Saat itu kami sebagai orang tua, yang bisa kami lakukan hanya bisa menghibur dan membesarkan hati anak ragil kami. Dan tentu saja berdoa kepada Tuhan meminta segala kemudahan buat anak kami dengan dasar pengandalan keimanan yang kami miliki. Dan saat itu kami hanya bisa berkata, papa mama setiap malam ngedoain buat anak-anak dan memberkati kalian. Kami juga ingatkan agar anak kami juga tidak mengandalkan dirinya sendiri. Karena di atas langit masih ada langit.
Jadi rasanya tidak mungkin kalau tidak ada mujizat dari Sang khalik, kecuali kalau anak kami berpola pikir praktis dan sistematis dengan hanya mengandalkan diri sendiri dan tidak mau bergantung dengan Sang Pencipta. Karena kemudian terbukti, sebelum libur lebaran anak kami sudah memberi tahu, kalau skripsi yang baru dengan judul baru dan kerangka yang baru sudah disetujui Dosen pembimbing. Bahkan sudah mulai masuk ke bab II. Sebuah waktu yang boleh dikatakan singkat untuk sebuah perubahan.

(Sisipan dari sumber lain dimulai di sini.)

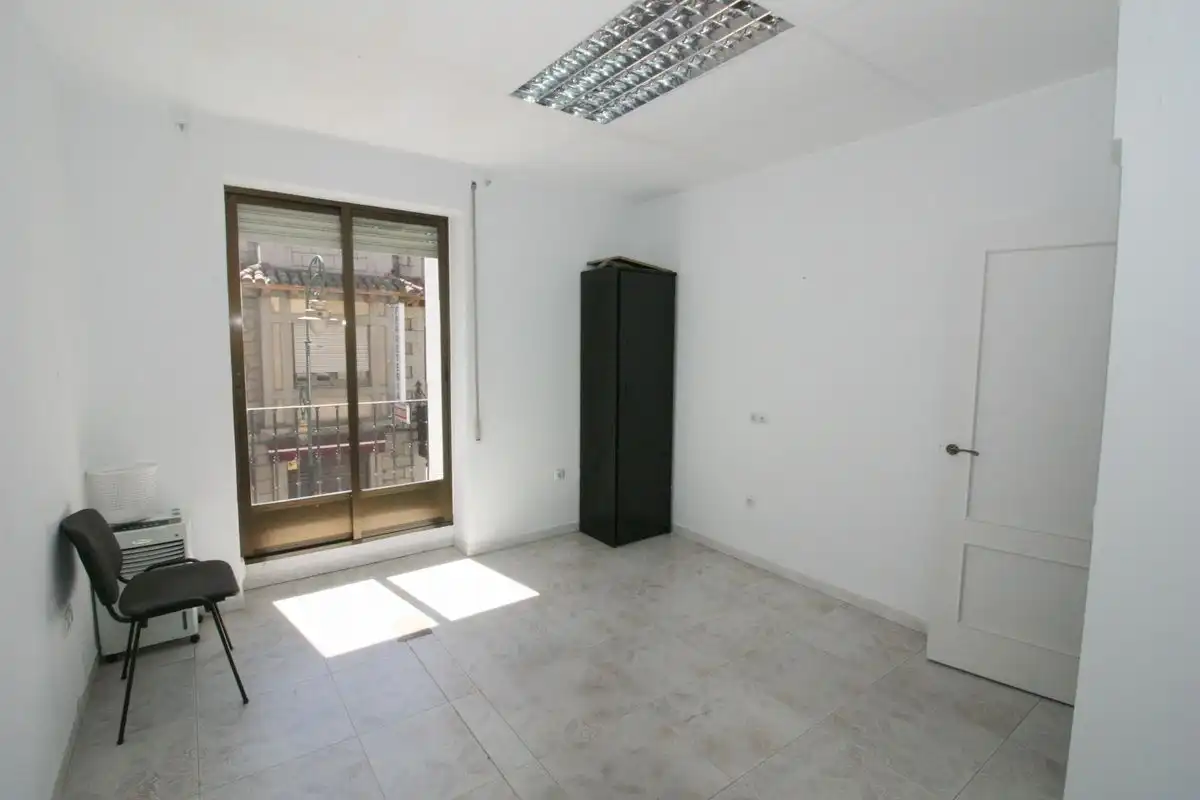 Oficina de alquiler en Arenas de San Pedro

Berkaca dengan maju mundurnya perjalanan kehidupan dengan sudut pandang dari sisi jasmani maupun rohani dapat menimbulkan sebuah pertanyaan yang menarik. Bagaimana dengan kita ? Karena sejujurnya seringkali dalam mengarungi lautan perjalanan bahtera kehidupan, kita diperhadapkan pada satu posisi, dimana rasa kuat dan mampu menjadikan diri kita seolah di atas segalanya.

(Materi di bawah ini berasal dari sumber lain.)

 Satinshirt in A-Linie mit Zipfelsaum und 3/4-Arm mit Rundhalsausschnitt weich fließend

Yang banyak terjadi di sekeliling kita adalah rasa pengandalan diri yang melebihi batas kekuatan dibanding dengan akan rasa ketergantungan kepada Yang Maha Kuasa. Ya atau ya ? Ini hal yang jamak. Seringkali, tidak hanya kadangkala saja, kita berpikir bahwa apa yang sudah kita lakukan benar, dari sudut padang subyektif. Tetapi kenyataannya, pada akhirnya menghasilkan sesuatu yang di luar pemikiran kita, bahkan menjadi kebalikannya.
Di sisi lain kita melihat bagaimana orang lain dengan pola pikir dan pola hidup yang amat sederhana melintasi padang gurun kehidupan, tetapi mempunya satu hal yang luar biasa. Mengapa ini bisa terjadi ? Disinilah letak perbedaan dari sudut pandang kacamata manusia dengan kacamata Tuhan.
Karena biasanya, setelah orang menjadi kuat dan berhasil dalam taraf kehidupan melebihi strata yang ada, orang tersebut menjadi tinggi hati sehingga dapat melakukan hal yang merusak. Bahkan bisa terjadi perubahan drastis dalam dasar-dasar keimanannya yang sudah menjadi pakemnya, sehingga berubah setia kepada Sang Pencipta. Dan menganggap semua sudah bisa dilakukan lewat genggamannya.